Chris Johnson is an RTC Columnist. He can be reached @ChrisDJohnsonn

Tonight’s Lede. Goodbye Opening Round 2013; Our Time Together was Brief but Unforgettable. The funny thing about Harvard’s improbable upset over New Mexico last night is the way by which most fans came to find out about it. Only a dedicated subsection of college hoops fandom was glued to their TV’s in the wee hours for the Crimson’s magical takedown. The rest were hit with the news upon waking up the following morning. “Woah, man, Harvard won? Really?” Something like that. Friday’s upset du jour took place in a prime viewing window, and the big boy on the losing end – well, let’s just say that program has been in this unfortunate position more than a few times over the past few seasons. Without divulging specifics, it is my gracious privilege to sum up another drama-filled day of Tournament action. And for my money, day two trumped day one by a wide margin.

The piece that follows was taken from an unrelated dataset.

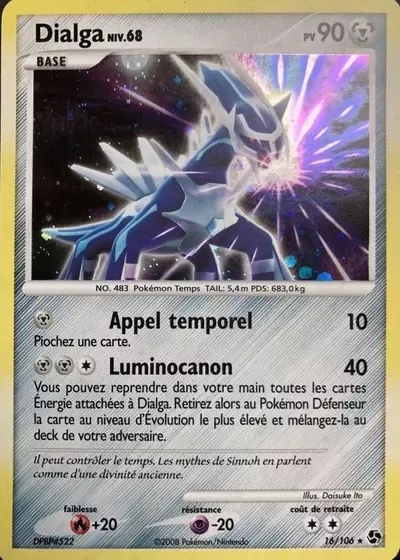 Dialga card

Your watercooler moment. Down Goes Georgetown. Again. 

For the second straight day, we saw a huge upset. On Friday it was Florida Gulf Coast sinking Georgetown (Getty).

For the second straight day, we saw a huge upset. On Friday it was Florida Gulf Coast sinking Georgetown (Getty).

Once you move past the enormity of Florida Gulf Coast’s 2-15 shocker over Georgetown, the alley-oop dunks and And 1 Mixtape schadenfreude, a very alarming and very relevant recent trend comes into clear focus: Georgetown has seen its Tournament life go up in smoke at the hands of a double-digit seed in four consecutive seasons. You probably remember most of the losses: In 2010, 14-seed Ohio felled JTIII’s three-seeded Hoyas; VCU dropped G-Town as an 11-seed in 2011; and last season, red-hot 11-seed NC State pulled out a three-point win in the third round. None of those losses come close to FGCU’s 10-point win – the Eagles punked Georgetown in a year where the Hoyas, after a rugged Big East season, had every reason to believe their stifling defense and national player of the year candidate, Otto Porter, could push them towards a Final Four berth. Instead, FGCU got out on the break, flourished in transition and contained Porter and co. on the other end. The Eagles staged a massive upset against one of the most upset-proof teams – stylistically, not historically – in the entire bracket, with the defensive chops to weather the sort of up-and-down game FGCU thrives on. Here’s the best part: this little Atlantic Sun upstart took its spot on the big stage and totally owned it. The Eagles had Twitter ablaze with a litany of highlight reel dunks, and an equal accompaniment of bombast to turn the whole thing into what looked like a bunch of running up and down and just plain enjoying themselves on the court against a trendy Final Four pick. It was easily the most entertaining moment we’ve seen in this Tournament so far.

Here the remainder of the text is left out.